Aussi pouvons-nous affirmer qu’il est éminemment populaire. Non pas parce qu’il est pratiqué en direct et avec les pieds (vulgairement, plutôt que via la médiation de l’outil et l’usage noble de la main), ou parce que c’est un immense marché permettant à des milliardaires d’acheter la paix sociale, de piloter les masses en tirant les ficelles de marionnettes à crampons. Mais bien parce qu’il requiert de tisser un collectif, et parce que les supporters se lient à leur équipe en fonction de la façon dont les acteurs se lient entre eux à même l’adversité (l’enthousiasme croît quand ceux-ci font preuve de générosité dans l’effort, s’engagent corps et âme, plutôt que se faire supports de jeux d’investissement en bourse).

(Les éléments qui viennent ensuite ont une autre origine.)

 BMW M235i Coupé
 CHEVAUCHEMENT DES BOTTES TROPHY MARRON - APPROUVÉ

Bien sûr, au stade ou devant leur télévision, les violents nient la contingence et le tragique, les racistes déclarent l’identification impossible quand des gens qui ne leur ressemblent pas sont présents, et les profiteurs font la sourde oreille pour continuer de profiter. Mais il y a parfois éclosion d’une singularité collective, par-delà tous les facteurs de désolidarisation qui rôdent. Voilà ce qu’attendent les amateurs et les amatrices de football. Mystère et balle de cuir, c’est un vrai sport populaire. Zidane Président.

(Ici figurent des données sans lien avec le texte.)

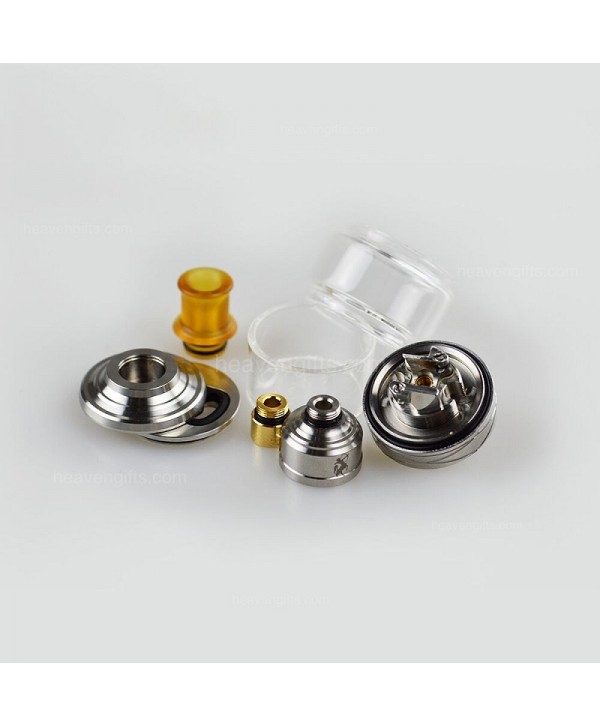 Hotcig Centaur Mini RTA 2ml Rebuildable Tank Atomizer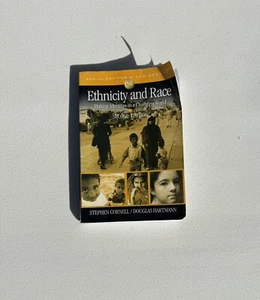 Ethicity and Race | Making Identities in a Changing World | Second Edition - Bild 1 von 2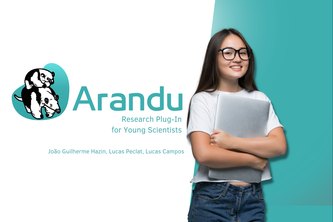 Arandu - Research plug-in for young scientists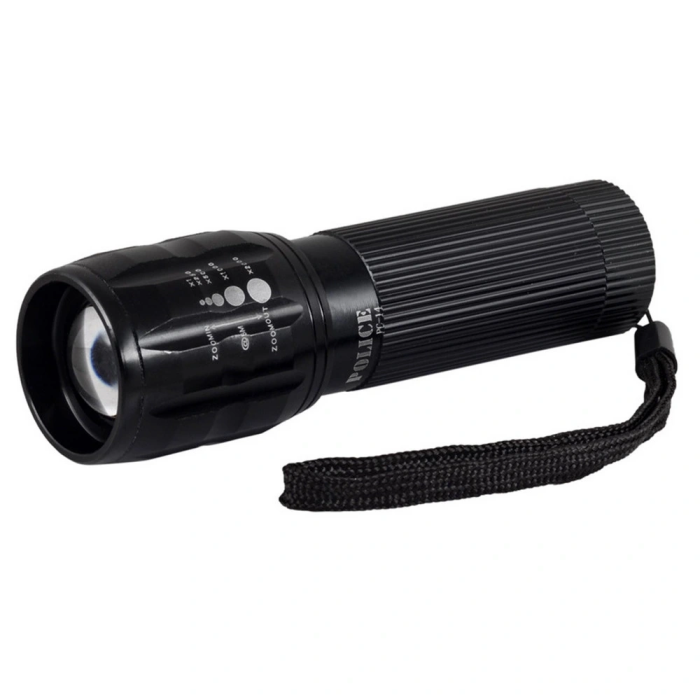 Police Pc-14 Power Led Pilli El Feneri ( Lisinya )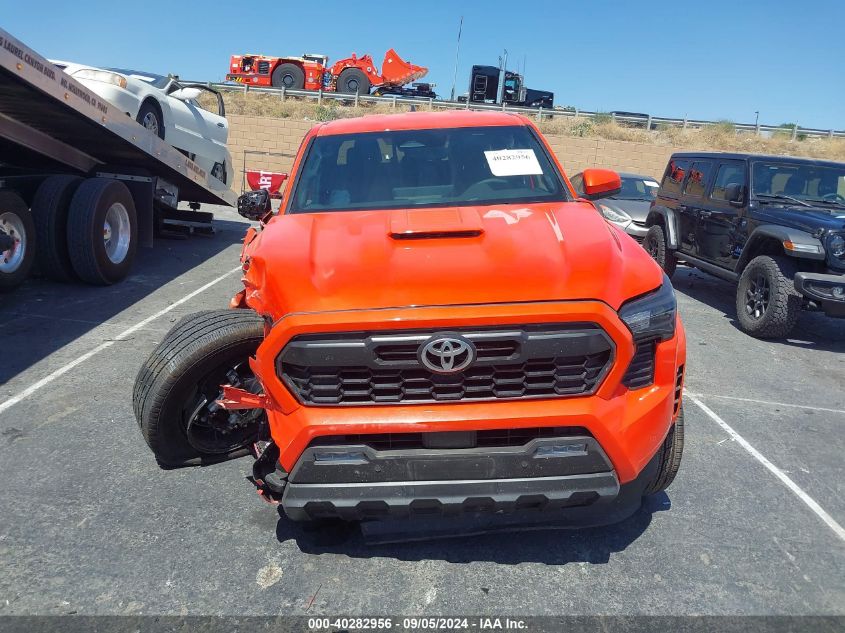 2024 Toyota Tacoma Trd Sport VIN: 3TYLB5JN7RT029282 Lot: 40282956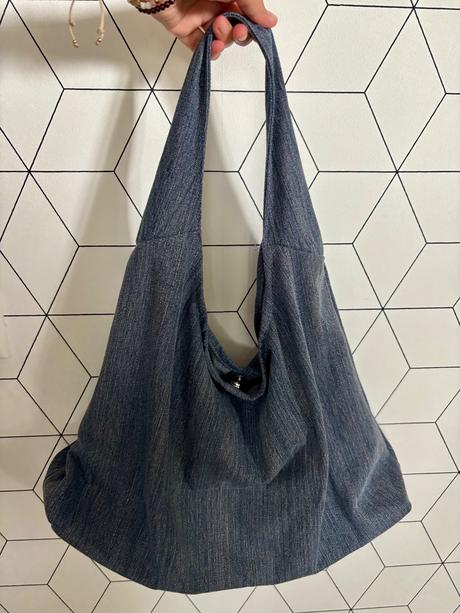 Riflova shopper taska na rameno even&odd, 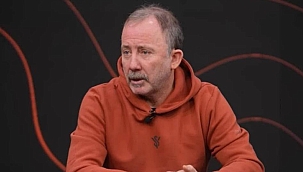 Sergen Yalçın'dan derbi tahmini!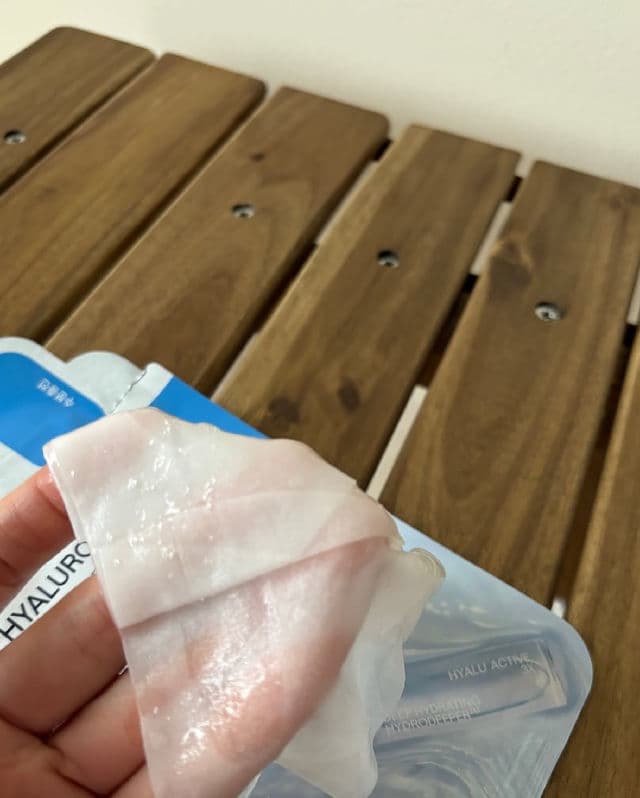 MEDIHEAL Watermide Essential Mask review photo by sakimama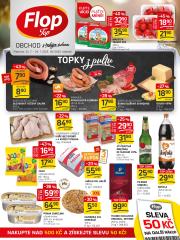 flop - Leták Flop Top od 23.07. do 29.07.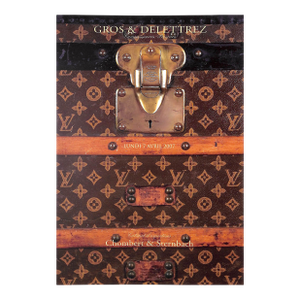 Louis Vuitton Paris Auction Catalog 2007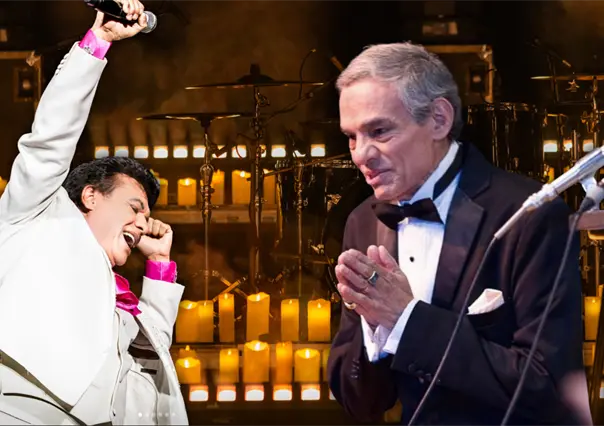 Juan Gabriel y José José vuelven a la vida con el homenaje "Voces Eternas"
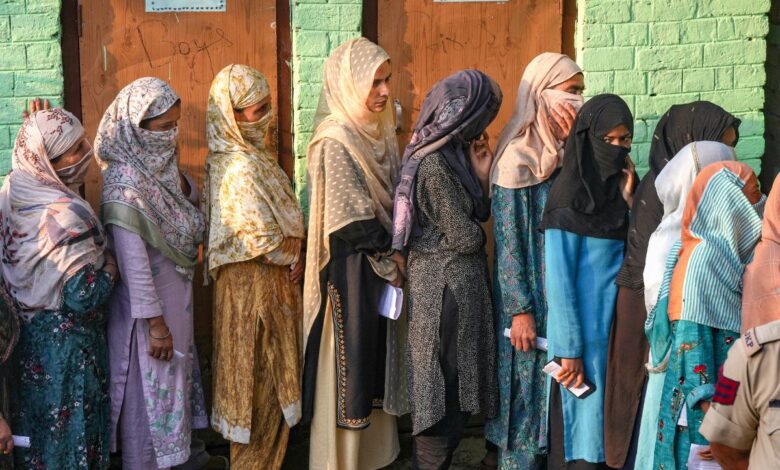 Second phase of J&K elections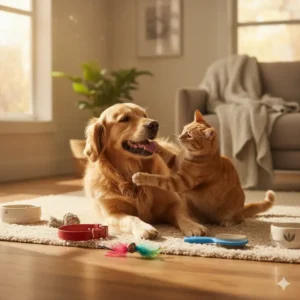 Prodotti per animali domestici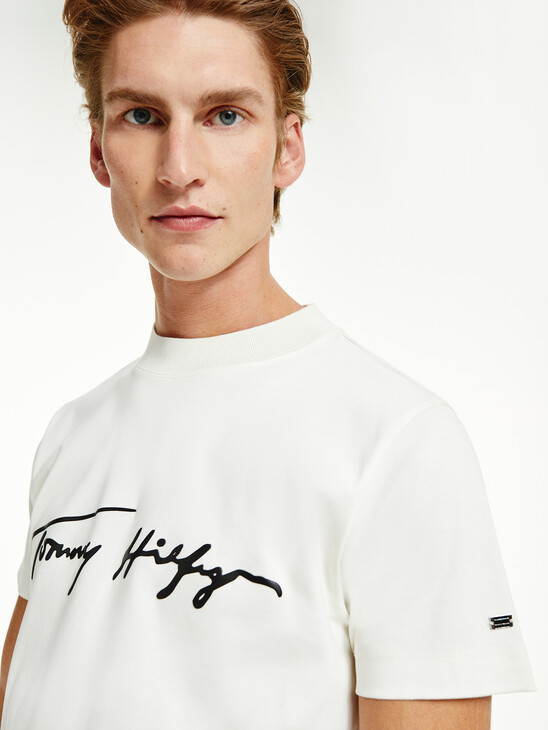 Elevated Signature Organic Cotton T-Shirt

Illustration : Bernard Chevalier

[1La loi n°1 du jeu désigne les contours du rectangle : entre 90 et 120 mètres de longueur, entre 45 et 90 mètres de largeur, ce qui fait entre 4 050 m2 et 10 800 m2 de surface. Au niveau européen, dans un souci de standardisation, l’UEFA demande entre 100 et 105 m de long et entre 64 à 68 m de large. Mais même en ce cas, la surface est de 7140 m2, et même en divisant cette surface par 11 (alors que le gardien de but reste dans la cage), cela donne 650 mètres carrés chacun, donc environ 25 x 25 mètres chacun.

[2Le terme « main » désigne aussi le bras, si celui-ci n’est pas collé au corps.

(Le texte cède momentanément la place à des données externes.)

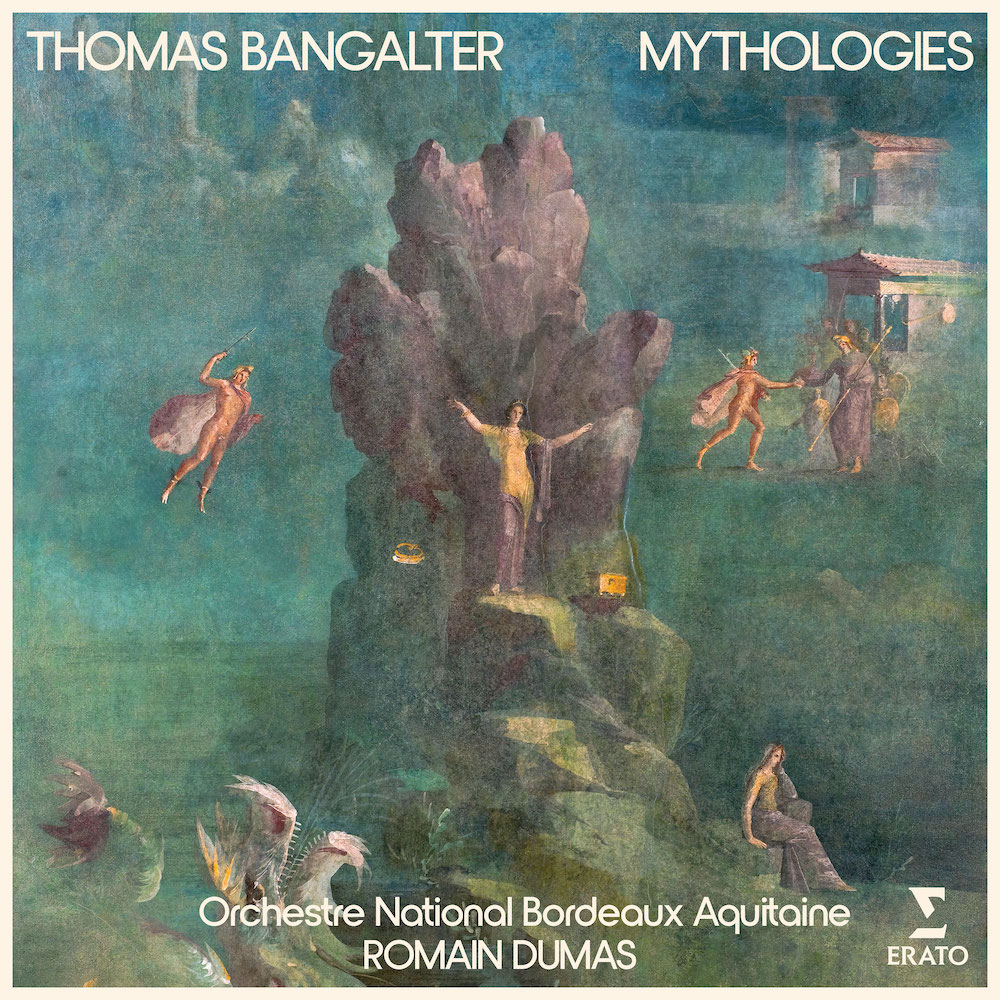 BANGALTER - MYTHOLOGIES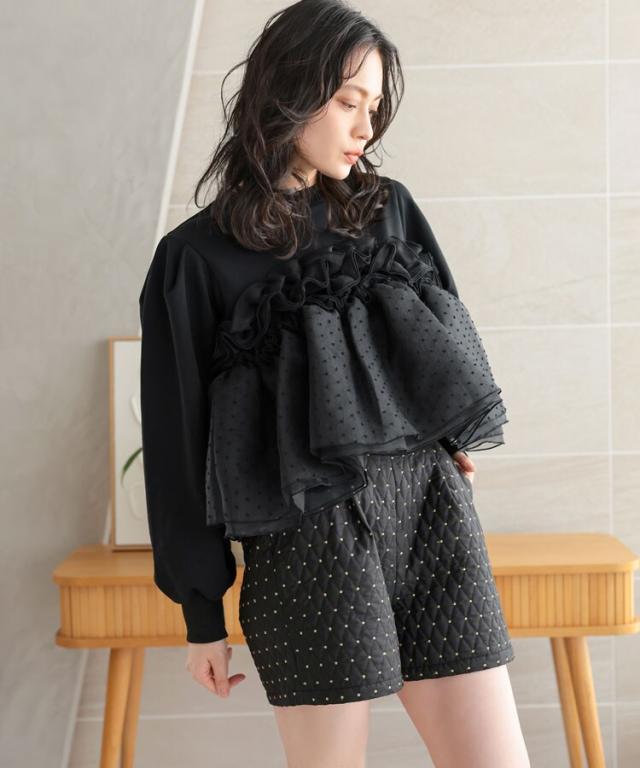 Donoban ドットホイップスウェット ドットホイップスウェット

[3C’est ce qu’avait signalé le coach Aimé Jacquet à la mi-temps de la demi-finale France-Croatie, lors de la Coupe du Monde 98 : « C’est eux qui rigolent ! Ils passent au milieu et hop, ils montent tranquillement… Aucune chance ! Mais aucune chance, les gars… Il n’y a personne qui bouge, personne ne réagit ! On est à dix mètres, amorphe. Vous avez peur de qui ? Vous avez peur de quoi ? Vous avez peur ? Vous allez perdre, les gars ». Suite à quoi, après avoir commis une erreur de placement (ne montant pas avec ses partenaires, il avait couvert le croate Suker, qui n’était pas hors-jeu et avait pu marquer), le défenseur Thuram avait osé sortir de son rôle pour marquer un but trente secondes plus tard, puis un autre à la 70e minute. Il avait certes l’habitude de monter sur son couloir droit, mais pas de marquer des buts (même à l’entraînement, disaient ses partenaires). En l’occurrence, il en marqua un en position d’avant-centre, lui l’arrière, un autre du pied gauche, lui le droitier.